Consulting Spiritual Counsel

One lawyer gets answers from 'internal data.'

Patricia Woo is a lawyer in Hong Kong who often helps families with their estates. What makes her different is that her clients come from all over the world for advice that goes beyond the legal side of things. She also addresses the spiritual.

As a starting point, she often asks a client, “Does what you want for yourself and the family come from love or fear?”  

Very few of her clients had thought about this before coming into her office. As Woo says, “This is the moment they pause and start to think.”

However, in Woo’s experience, the answer won’t come from “thinking.” “Most of my clients have done a lot of thinking before coming to see me,” she explains. “I am there to help them switch to an unfamiliar but fruitful mode.”

Intuitive Inquiry

One of the tools she uses is “intuitive inquiry.” It’s one of the transpersonal psychology research methods to help people collect “internal data.”

As Woo explains, “We are used to working with external data such as numbers, rules and regulations, but there’s a lot more.” Among the factors she includes in internal data are:

  • Unconscious images;
  • Experience of energy;
  • Spiritual and religious experience;
  • Body sensations;
  • Feelings of empathy; and
  • Feelings stemming from emotional wounds.

Summing this up, she says, “These responses can tell us so much about ourselves, and a complete waste not to make good use of this kind of internal data.”

Help With a Complex Trust

Woo tells of a wealthy woman who came in for legal advice on a complex trust.   

As Woo explains, “She was telling me all these rules for her children to follow. When listening to her, I felt a tight gripping pain in the stomach (which happens when something isn’t “right”) and sensed that she wanted to use the structures to control. So, I asked the love or fear question. Firmly she said she had only love for her family.”

Woo was pretty sure that wasn’t the entire answer. 

“Let’s put down your initial top 10 key terms for the trust,” Woo suggested. “Then we’ll look at them from both legal and ‘internal’ aspects. Notice and tell me your body sensation when we talk about each of the terms. You might also ‘see’ shapes, colors of different level of brightness or other images. Just trust whatever comes along.”

The conversation started with a discussion of her client’s requirement that every family member had to work for the family business for at least five years. Then she asked her client to “look inward.”

The client said she had an image of her son with his upper body enclosed in a red square. Woo wasn’t totally surprised. The woman’s son would find this acceptable while feeling a bit repressed.

Then Woo asked, “How about your daughter?” 

“I can only see her at a distance surrounded by a greyish cloud,” the client answered. As Woo and the client continued talking, it came out that the daughter never really liked the business world and wanted to stay away.

This “internal data” revealed to the client that her current plan almost certainly had unacceptable flaws. Woo and her client began exploring an alternative approach to the trust. Under the new version, family members are encouraged to contribute to the family, but they’re free to suggest their own ways of doing this.

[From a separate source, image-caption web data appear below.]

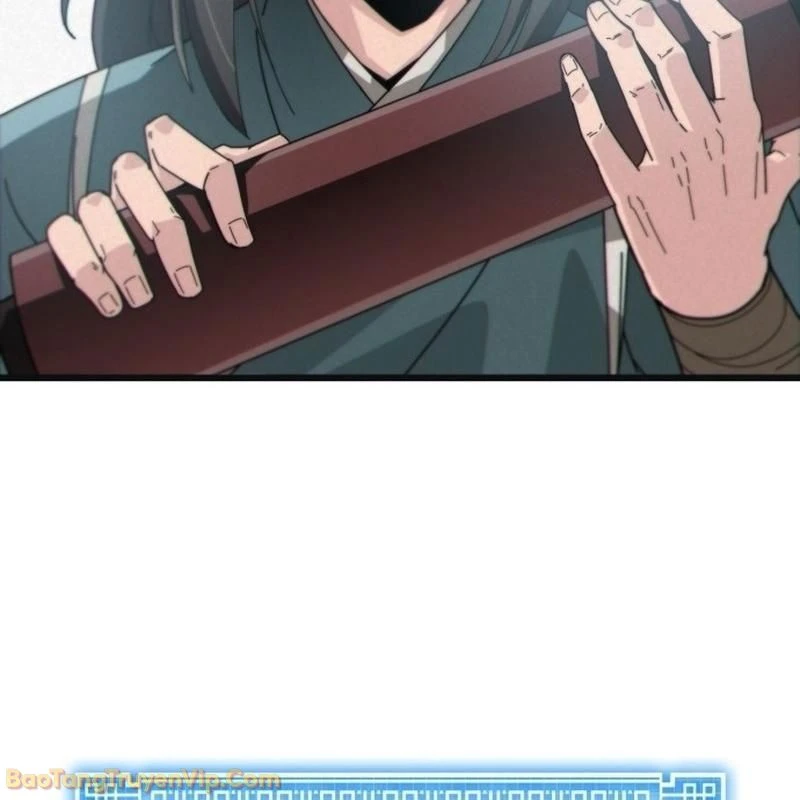 Bắt Đầu Với Hệ Thống Lập Tông Chapter 1 - 250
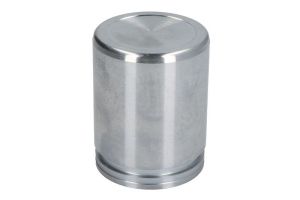 Tłoczek zacisku hamulcowego D0-25282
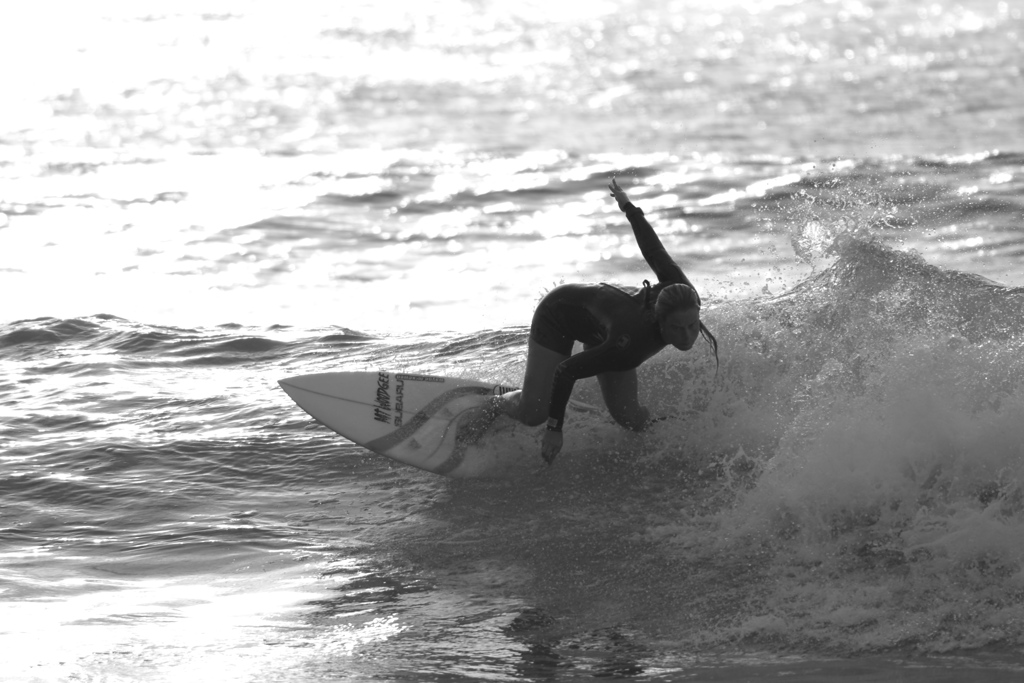 エイトウーマン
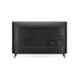 LG 49 inch Ultra HD LED TV, 49UM7300PTA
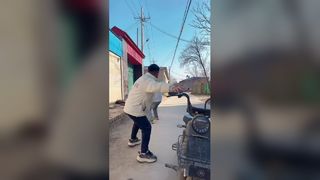 Giải pháp hàng rào an ninh lưới thép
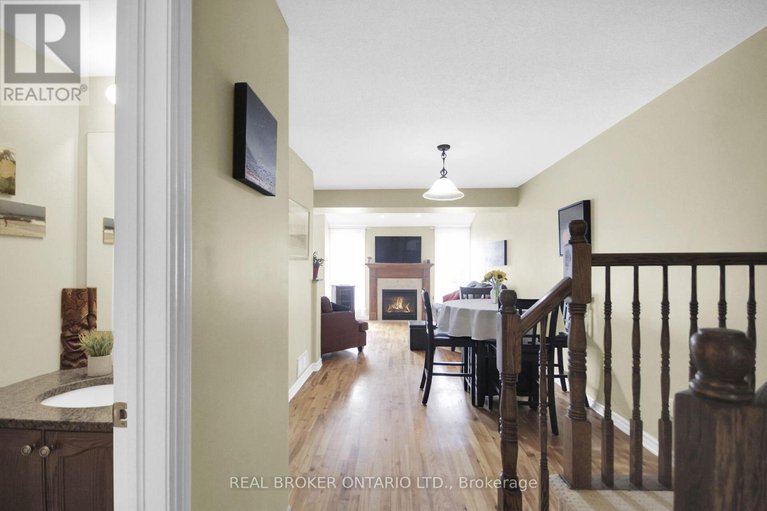 28808791/181-talltree-crescent/stittsville-central/ottawa/ontario/K2S0B1_6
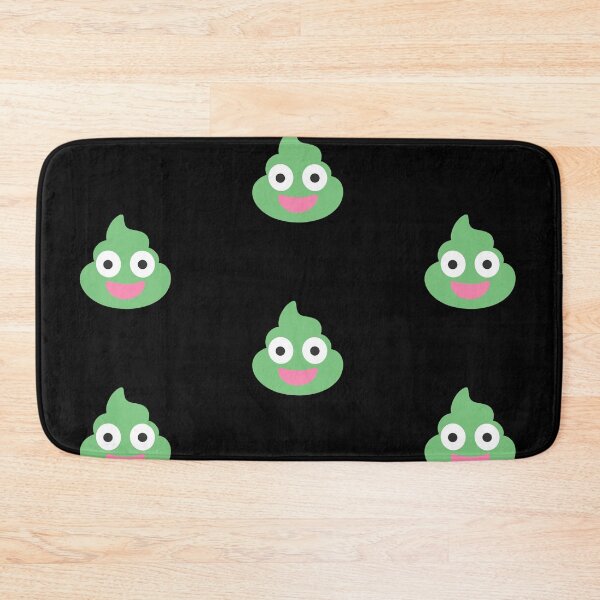 Item preview, Blop of Wasabi designed and sold by smileyfriend.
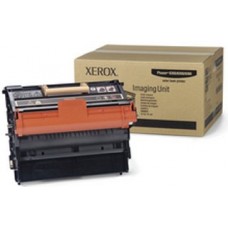 Картридж Xerox 108R00645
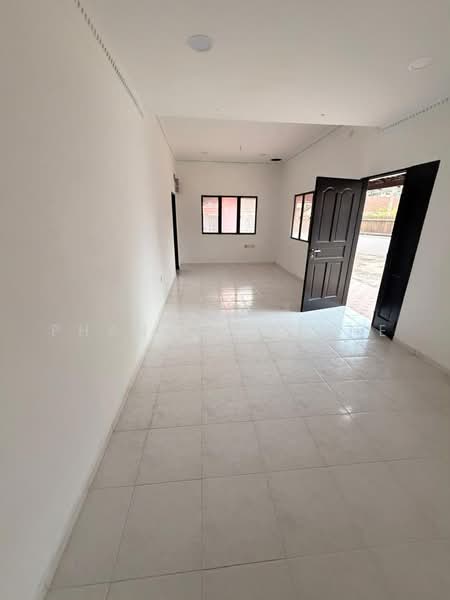 1-storey Terraced House for Sale in Taman Sri Tebrau (Johor Bahru) - Phang Elainne - Interior - PropertyGuru.com.my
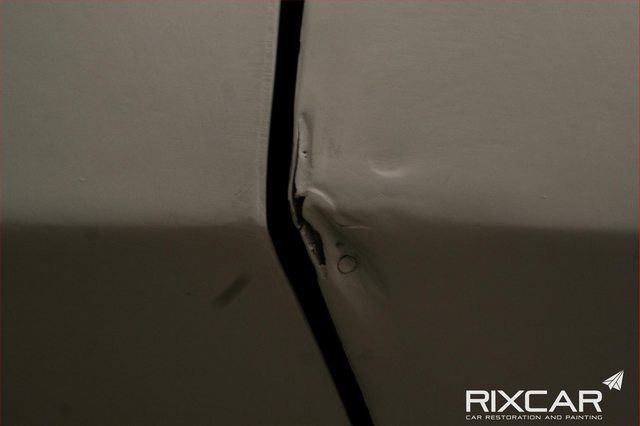 Name:  ZA5FUMil.jpg
Views: 83
Size:  15.9 KB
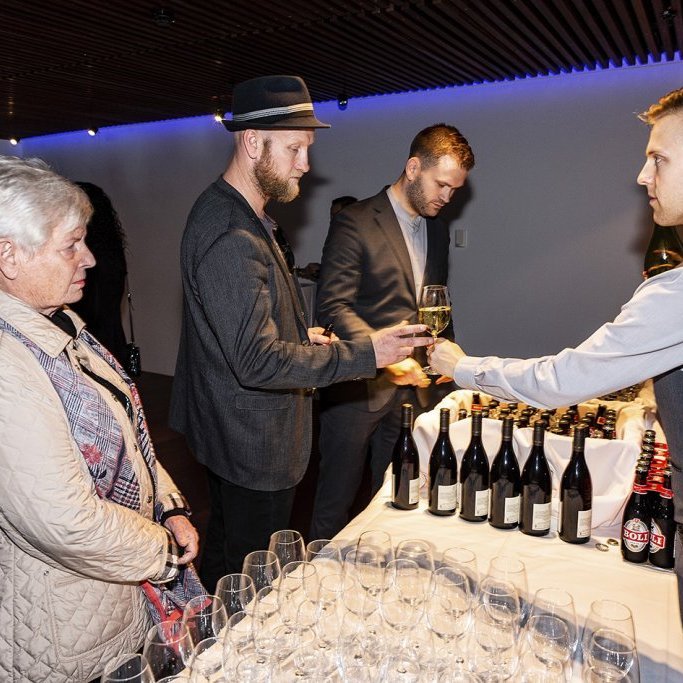 wimfr-blaalonid_280919_jsx2424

Amazingly, the client’s “internal data” became transformed. “Now I see a gold light around the entire family,” the client enthusiastically told Woo. “There are streams of warmth. I can even smell the aroma of peaches. My father who built the family business loved peaches, and I know it means that he would like this new approach!”

Woo and her client spent a pleasant afternoon going through the key trust terms. One by one, the client let herself let go of what didn’t feel right and adjusted to terms that felt positive.

The end result? Says Woo, “At the end of the session we had a transformed version of the key terms, having worked with both external data and internal data.”

The next project the client wanted Woo’s help with is writing the family constitution. “We’re yet to finalize the documents,” points out Woo, “but there’s a phrase in my client’s letter to her family that reads: ‘While we plan the tangibles, we always remember to honor the intangibles.’”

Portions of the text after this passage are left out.